In part 2, I started to write about Active Directory and how to get a single domain to work with multiple organizations, so let’s get back to AD and look at how HMC helps with it. Well, what HMC does to AD is that it gives you a way to set up the OU structure and sets up a number of properties on the AD object.

One of the great things about the OU structure is that it allows you to have a top-level organization (which is called the hosting company), second-level organizations (the resellers), and third-level organizations (the customers). The second level is very exciting, as this is actually the level at which sales are done. Due to the structure, multiple resellers can exist and work with their customer bases while being secured from other customers and resellers. If you’re thinking of white-boxing a hosting solution, this is how it’s done.

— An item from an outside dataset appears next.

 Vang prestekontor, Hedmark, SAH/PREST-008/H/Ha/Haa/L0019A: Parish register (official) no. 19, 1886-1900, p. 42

Security is obviously taken into account by the HMC engine, which lets an administrator on a hosting company level manage anyone within the system. On the reseller level, you can add accounts to your own account and those of your customers via the web interface. But does this mean you’ll spend your admin days in the web interface? Definitely not! Your AD skills still apply, and you can still manage users, computers, set group policies, and reset passwords, etc. But you should be doing provisioning (creation of items) through the web interface or the engine, as it will save you from having to edit AD properties manually later—for instance.

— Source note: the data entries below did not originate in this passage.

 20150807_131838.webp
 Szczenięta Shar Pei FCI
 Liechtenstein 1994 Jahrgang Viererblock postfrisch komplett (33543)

If you aren’t looking at white-boxing, then you would just have your hosting company and one reseller, followed by various organizations as customers.

You may have picked up that I said you can use the engine to provision, and you may have thought that meant you needed to use the SDK and write code. Well, you don’t have to! Microsoft has actually included a tool called Provtest, a command-line tool on your HMC server. You pass it an XML file, and it parses the file, pushes it to the engine, and displays the result. This is actually the same way the SDK works—in that you pass XML to the web services or COM+ object to perform tasks. Microsoft also includes many samples with HMC, and even more in the SDK. So what you may find yourself doing a lot of is, especially when you get to Exchange management.

One of the ways HMC also modifies AD object properties is by setting the login name in such a way that it allows each customer to have their own domain name (sort of). However, it’s just on the AD account name. This isn’t an easy concept to grasp without an example, so let’s say the hosting company domain is Contoso.local, and let’s say a customer named Northwind signs up with one of their resellers (who the reseller is doesn’t matter). The Northwind team decides they want their domain to be Northwind.com, so via the web interface, they add Fred and set his login to be fred@northwind.com.

What HMC does is set the AD account name to fred@northwind.com, but in the background, it sets the SAM account name (or the pre-Windows 2000 name) to contoso.local\fred_northwind. Yes, it should be fred..northwind—the first dot for the SAM account and the second for grammar. So all customers are on the same domain at the core, but the account name is what they would use to log in to OWA, their machine, or an application like MSCRM.

The SAM account name is still vitally important, as most applications don’t like using account names internally. For example, MSCRM allows you to log in with the account name, but when adding users individually, you cannot use the account name—you must use the SAM account name. Oddly, though, the multiple-user add option does work with the account name. This is an annoying problem, as it means you need to expose the (ugly) SAM name to your customers. If you’ve named your hosting level with something distinctive, it could limit your white-boxing ability!

This disconnect between account name and SAM account is a massive pain for service accounts too, as I lost way too much time during deployment on many services just retyping passwords and resetting them—only to realize that the application didn’t like something in the username and wanted the SAM account name. The worst experience I had with passwords during all of this was with Forefront, where it not only didn’t like the account name but also didn’t like the fact that the domain name (on the hosting company level) had a dot in it.

The security isn’t perfect, though, as there are times when you can see all users in the system. In an earlier version of HMC, there was a problem with the address books where everyone could see everyone, but that has been corrected. For MSCRM, though, the add-multiple-user interface shows all users when you hit the lookup if you haven’t configured MSCRM correctly. I’ll come back to this point later in the series when I talk about MOSS.